Java Memory Management
Java Memory Management, with its built-in garbage collection, is one of the language’s
finest achievements. It allows developers to create new objects without worrying
explicitly about memory allocation and deallocation, because the garbage collector
automatically reclaims memory for reuse. This enables faster development with less
boilerplate code, while eliminating memory leaks and other memory-related problems.
At least in theory.
Ironically, Java garbage collection seems to work too well, creating and removing
too many objects. Most memory-management issues are solved, but often at the cost
of creating serious performance problems. Making garbage collection adaptable to
all kinds of situations has led to a complex and hard-to-optimize system. In order
to wrap your head around garbage collection, you need first to understand how memory
management works in a Java Virtual Machine (JVM).
How Garbage Collection Really Works
Many people think garbage collection collects and discards dead objects. In reality,
Java garbage collection is doing the opposite! Live objects are tracked and everything
else designated garbage. As you’ll see, this fundamental misunderstanding can lead
to many performance problems.
Let's start with the heap, which is the area of memory used for dynamic allocation.
In most configurations the operating system allocates the heap in advance to be
managed by the JVM while the program is running. This has a couple of important
ramifications:
- Object creation is faster because global synchronization with the operating system
is not needed for every single object. An allocation simply claims some portion
of a memory array and moves the offset pointer forward (see Figure 2.1). The next
allocation starts at this offset and claims the next portion of the array.
- When an object is no longer used, the garbage collector reclaims the underlying
memory and reuses it for future object allocation. This means there is no explicit
deletion and no memory is given back to the operating system.
Figure 2.1: New objects are simply allocated at the end of the used heap.

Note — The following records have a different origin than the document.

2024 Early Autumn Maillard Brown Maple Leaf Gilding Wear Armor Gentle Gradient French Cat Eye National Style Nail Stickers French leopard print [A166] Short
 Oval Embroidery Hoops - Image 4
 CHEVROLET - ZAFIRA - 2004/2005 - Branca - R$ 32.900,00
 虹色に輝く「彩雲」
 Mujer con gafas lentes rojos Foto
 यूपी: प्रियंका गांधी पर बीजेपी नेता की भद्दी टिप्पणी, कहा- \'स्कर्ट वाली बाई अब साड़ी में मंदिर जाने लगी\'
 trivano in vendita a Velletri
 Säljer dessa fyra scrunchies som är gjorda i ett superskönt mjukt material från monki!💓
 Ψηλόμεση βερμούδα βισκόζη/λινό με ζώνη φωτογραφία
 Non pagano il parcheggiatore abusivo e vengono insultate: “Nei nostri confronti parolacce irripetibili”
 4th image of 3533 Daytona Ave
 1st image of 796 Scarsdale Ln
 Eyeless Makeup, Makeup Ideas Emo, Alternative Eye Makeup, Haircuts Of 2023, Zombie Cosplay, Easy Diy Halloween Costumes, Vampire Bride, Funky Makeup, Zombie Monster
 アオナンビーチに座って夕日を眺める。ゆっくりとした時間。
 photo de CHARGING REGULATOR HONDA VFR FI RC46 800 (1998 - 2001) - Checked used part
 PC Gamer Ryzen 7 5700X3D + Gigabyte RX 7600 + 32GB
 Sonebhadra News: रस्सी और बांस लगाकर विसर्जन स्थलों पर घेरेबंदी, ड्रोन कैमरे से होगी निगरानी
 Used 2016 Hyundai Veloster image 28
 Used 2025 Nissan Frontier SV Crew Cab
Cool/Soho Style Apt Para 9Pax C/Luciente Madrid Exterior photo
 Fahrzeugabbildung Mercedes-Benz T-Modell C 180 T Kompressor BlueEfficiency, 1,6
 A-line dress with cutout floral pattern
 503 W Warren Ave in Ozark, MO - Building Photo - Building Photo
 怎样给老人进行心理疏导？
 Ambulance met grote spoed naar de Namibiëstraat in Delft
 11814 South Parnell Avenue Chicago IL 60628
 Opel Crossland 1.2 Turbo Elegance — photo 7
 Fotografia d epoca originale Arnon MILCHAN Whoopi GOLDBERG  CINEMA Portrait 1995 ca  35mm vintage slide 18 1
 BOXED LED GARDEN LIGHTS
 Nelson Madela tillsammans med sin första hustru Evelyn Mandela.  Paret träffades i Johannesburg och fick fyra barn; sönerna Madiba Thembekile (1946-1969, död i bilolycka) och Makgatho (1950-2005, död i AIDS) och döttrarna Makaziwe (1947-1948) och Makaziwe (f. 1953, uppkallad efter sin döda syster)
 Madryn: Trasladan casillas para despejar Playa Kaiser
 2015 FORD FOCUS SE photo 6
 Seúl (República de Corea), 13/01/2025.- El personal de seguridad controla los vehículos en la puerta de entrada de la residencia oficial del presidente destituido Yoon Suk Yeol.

All objects are allocated on the heap area managed by the JVM. Every item that the
developer uses is treated this way, including class objects, static variables, and
even the code itself. As long as an object is being referenced, the JVM considers
it alive. Once an object is no longer referenced and therefore is not reachable
by the application code, the garbage collector removes it and reclaims the unused
memory. As simple as this sounds, it raises a question: what is the first reference
in the tree?
Garbage-Collection Roots — The Source of All Object Trees
Every object tree must have one or more root objects. As long as the application
can reach those roots, the whole tree is reachable. But when are those root objects
considered reachable? Special objects called garbage-collection roots (GC roots;
see Figure 2.2) are always reachable and so is any object that has a garbage-collection
root at its own root.
There are four kinds of GC roots in Java:
- Local variables are kept alive by the stack of a thread. This is
not a real object virtual reference and thus is not visible. For all intents and
purposes, local variables are GC roots.
- Active Java threads are always considered live objects and are
therefore GC roots. This is especially important for thread local variables.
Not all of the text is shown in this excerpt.